[GIVEN ENTRIES]:
++++++++

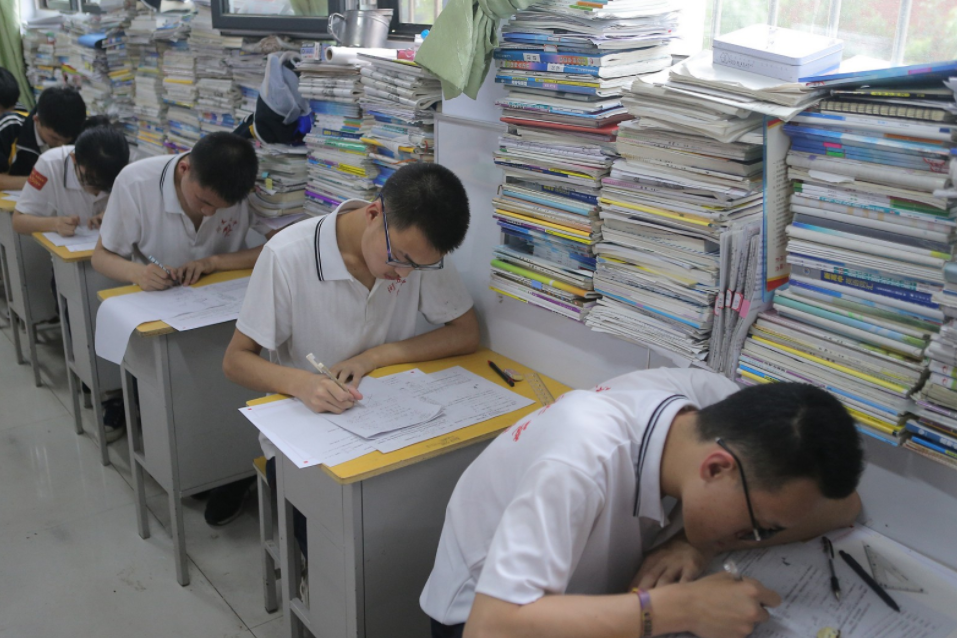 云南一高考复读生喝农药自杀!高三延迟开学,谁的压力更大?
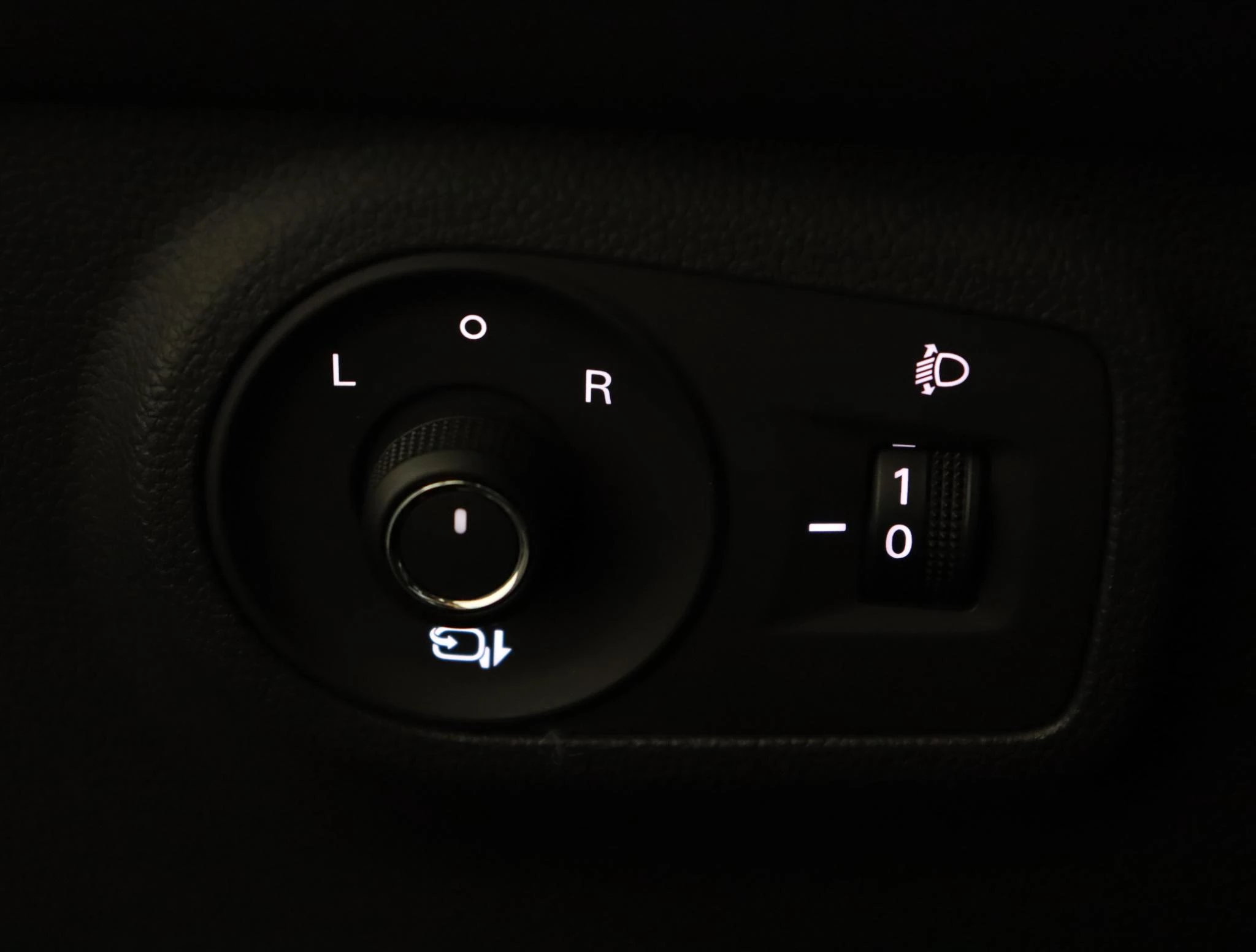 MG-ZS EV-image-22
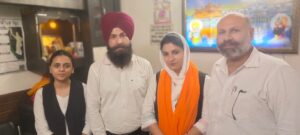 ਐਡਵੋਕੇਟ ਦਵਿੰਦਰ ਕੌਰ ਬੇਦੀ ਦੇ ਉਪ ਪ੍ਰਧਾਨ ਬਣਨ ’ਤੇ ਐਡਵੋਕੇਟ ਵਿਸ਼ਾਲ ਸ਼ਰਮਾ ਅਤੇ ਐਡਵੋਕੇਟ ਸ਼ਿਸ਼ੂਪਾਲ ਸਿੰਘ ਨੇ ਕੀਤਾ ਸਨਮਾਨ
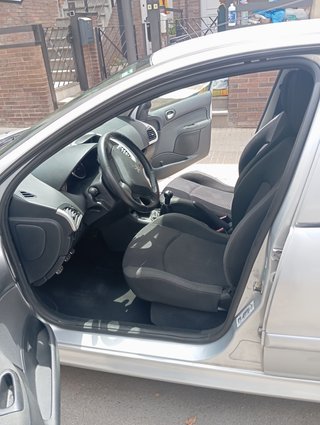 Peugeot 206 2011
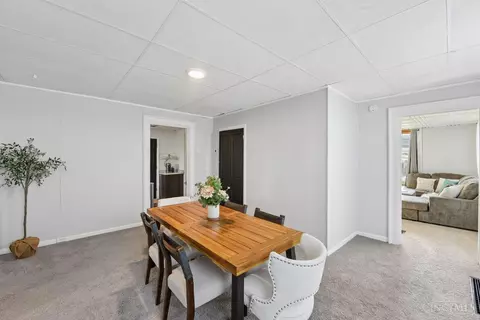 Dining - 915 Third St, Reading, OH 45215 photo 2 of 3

++++++++

[BRIEF]: Although the records contain pictures, only the text should be copied, exactly as it stands.

[ANSWER AREA]:
 云南一高考复读生喝农药自杀!高三延迟开学,谁的压力更大?
 MG-ZS EV-image-22
 ਐਡਵੋਕੇਟ ਦਵਿੰਦਰ ਕੌਰ ਬੇਦੀ ਦੇ ਉਪ ਪ੍ਰਧਾਨ ਬਣਨ ’ਤੇ ਐਡਵੋਕੇਟ ਵਿਸ਼ਾਲ ਸ਼ਰਮਾ ਅਤੇ ਐਡਵੋਕੇਟ ਸ਼ਿਸ਼ੂਪਾਲ ਸਿੰਘ ਨੇ ਕੀਤਾ ਸਨਮਾਨ
 Peugeot 206 2011
 Dining - 915 Third St, Reading, OH 45215 photo 2 of 3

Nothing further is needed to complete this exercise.